Members of the New Generation Revival Church, which also was destroyed in the fire that claimed the Morning Star Mission Baptist Church last week, rise to their feet as their pastor, the Rev. Johnasen Pack, not pictured, gives an impassioned address to the multi-church congregation on Sunday, Feb. 11. Pictured from left are Madison Jackson, 9, Dana Jackson, an unidentified woman, and Mother Robinson.
Fire investigators have not yet revealed cause of devastating fire
Wardell Gibson is standing near the charred remains of his childhood church, gazing through a chain-link fence at firefighters salvaging bricks from the skeleton of the Morning Star Mission Baptist Church.
Gibson's family has attended the church for generations, and he said losing the building, which was lost to fire last week, was very emotional.
"So today I decided to see it for myself," he said. "You can't describe it. So many memories; so many families; so much history."
Gibson said he has just one hope: that the cause of the fire was not intentional.
Fire investigators have not released any information about the fire's cause, said Portland Fire spokesman Lt. Allen Oswalt. Samples from the scene have been sent to a laboratory for examination and officials with the Metro Arson Task Force are awaiting results, Oswalt said.
Many in the congregation and the community share Gibson's hope that the fire was accidental.
State Sen. Margaret Carter, D-North Portland, said she was deeply saddened by the loss of such a historic landmark. Carter, who performed in a choir at the church, said the building's destruction is a loss for future generations.
"This is the biggest loss of any kind of historical architectural design I can think of (in North Portland)," she said. "It was just elegant to walk up those steps."
The members of Morning Star Baptist, as well as the New Generation Revival Church – who shared space at the building – can't walk up those steps any longer, but that didn't halt Sunday services.
One Sunday, Feb. 11, Pastor Albert Johnson, of Morning Star Baptist, greeted the mixed congregation with words of hope, despite the tears, sadness and grief surrounding him.
"The Lord knows how to bring a community together … in this case, he chose fire," said Johnson to the dislocated congregation who were gathered under a tent on Northeast Cook Street.
Members of the Oregon National Guard helped set up the tent used for Sunday's services, and also provided the chairs and risers, said Major Mike Warrington. He said the Guard also offered their office space to the church.
During the emotionally charged service, Johnson yielded the floor to several other local pastors, Sen. Carter and Portland Mayor Tom Potter.
Pastor Johnasen Pack, of the New Generation Revival Church, said God was trying to "teach us how to rally together when we have no building."
Mayor Potter offered words of encouragement, saying that the city was behind rebuilding, and he would be talking to the different bureaus to ensure that "we can come together and create something golden out of the ashes."
Remembering 'a beacon in the night'
Several days after fire ripped through the 88-year-old church, many members of the church and community came to see the rubble.

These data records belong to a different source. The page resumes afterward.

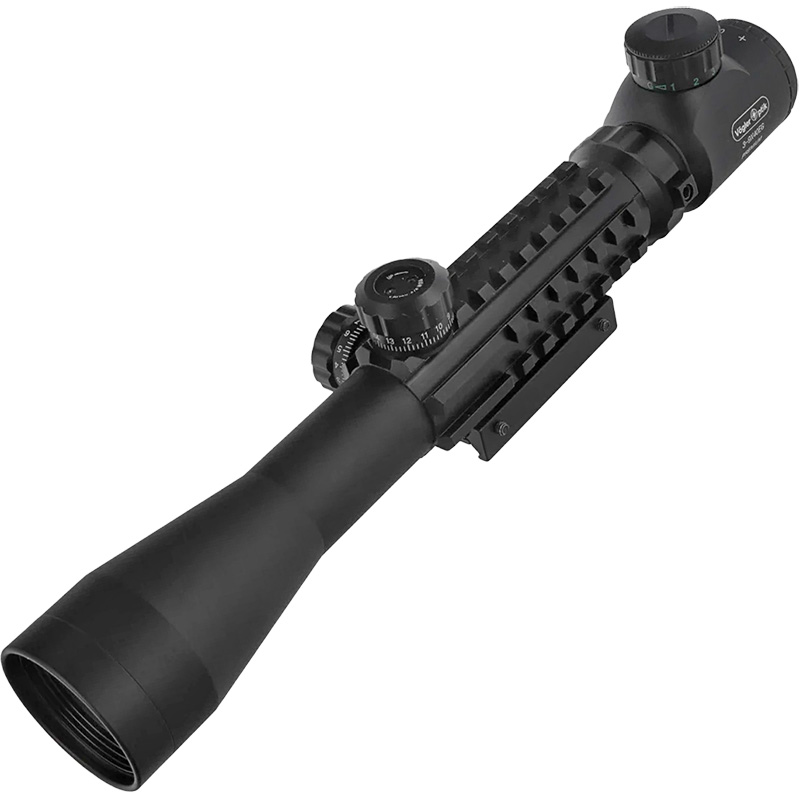 Vögler Optik puškohľad 3-9x40EG montáž 22mm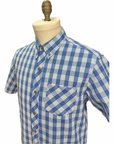 Nalu Shirt in Palaka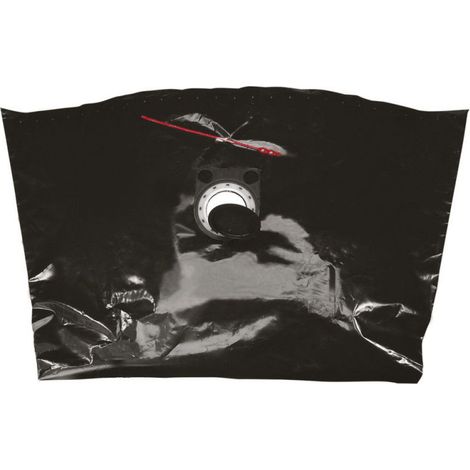Metabo 5 Sacs pour déchets en pe - 35/50 l (630325000) (1/2)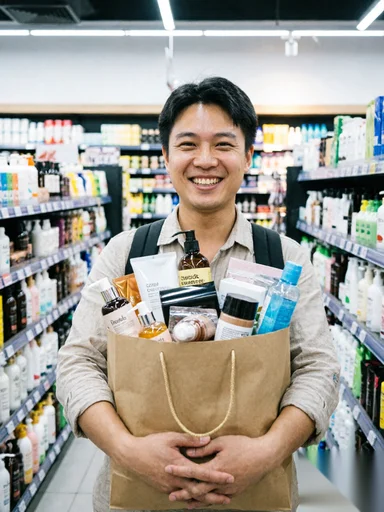 How to Successfully Shop for Western Beauty Products While Traveling? A Step-by-Step Guide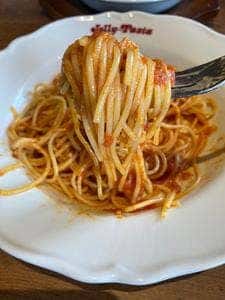 ジョリーパスタ 高松レインボーロード店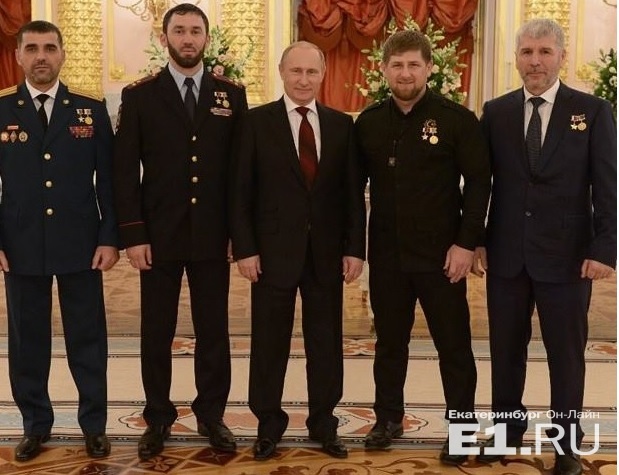 В России рождается новая цивилизационная модель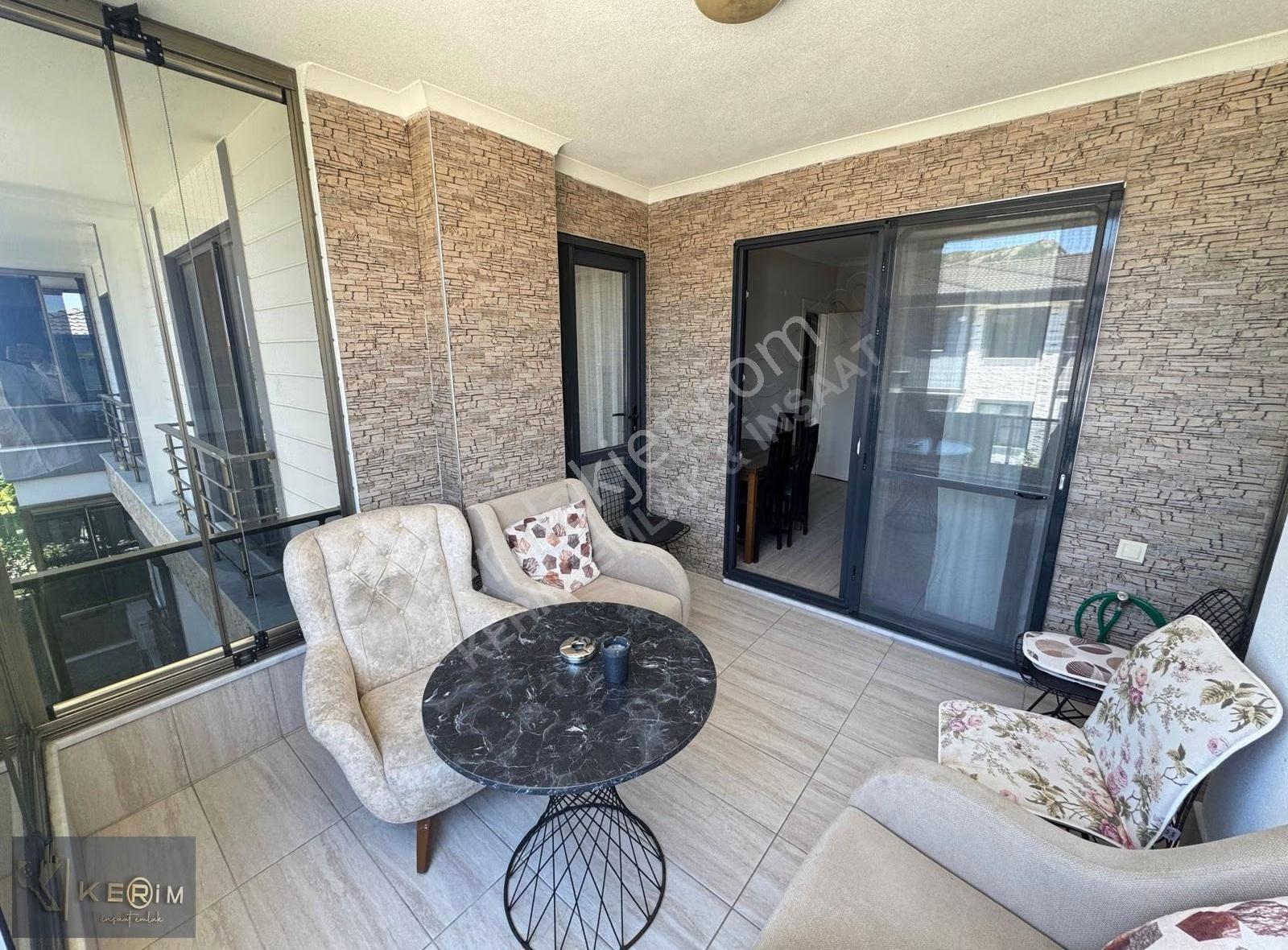 Kerim'den Küçükkuyu Merkez'de 2+1 Eşyalı Geniş Kiralık Daire - Görsel 7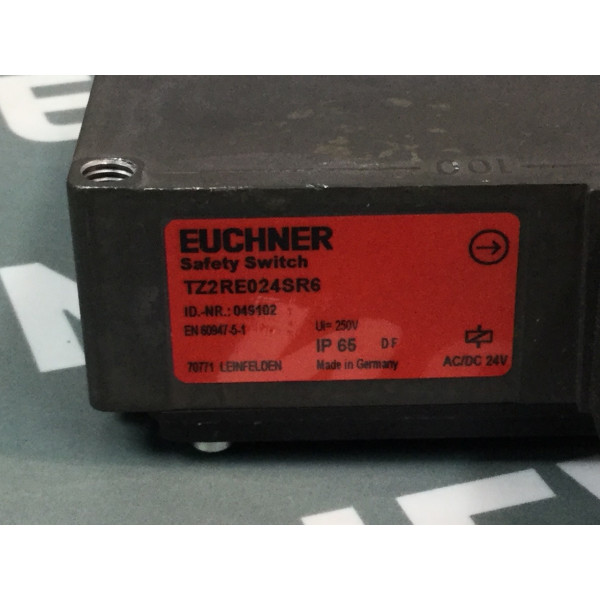 EUCHNER TZ2RE024SR6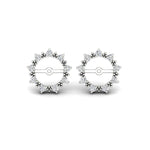 Load image into Gallery viewer, vintage-halo-diamond-earring-jackets-for-4-carat-studs-in-white-gold-fdear815angle2-4.00ct-nl-wg.jpg?v=1762758721
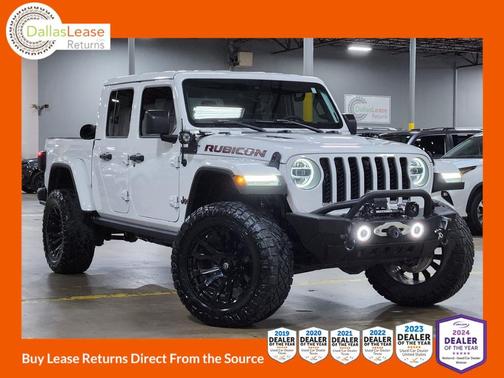 2020 Jeep Gladiator Rubicon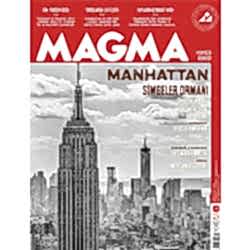 Magma Yeryüzü Dergisi  Ağustos - Eylül 2019 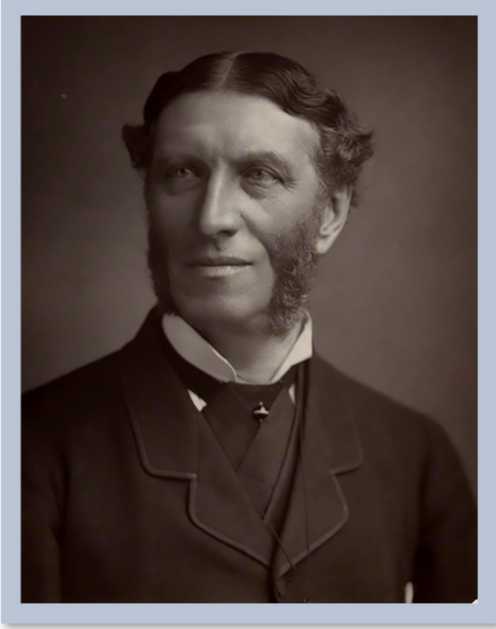 Photo of Matthew Arnold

One former member, Marie Matthews, couldn't believe the church she had attended from the age of 9 until marriage had burned to nothing.
"I heard about it the morning after," Matthews said, holding one of the hundreds of bricks salvaged by firefighters in the days after the church burned. "The first thing I said was, 'Get out, quit playing.'"
As Matthews talked with another church member at the scene, one of the sons of founding Rev. Sylvester McCullumn came to pay his respects. Now a devout Jehovah's Witness, Ellis McCullumn had tears in his eyes as he recounted his father's early days at the church. McCullumn said his father gave up his role as a union leader to become a reverend.
"He sure could hold a community together," McCullumn said. "He had a great impact on people here."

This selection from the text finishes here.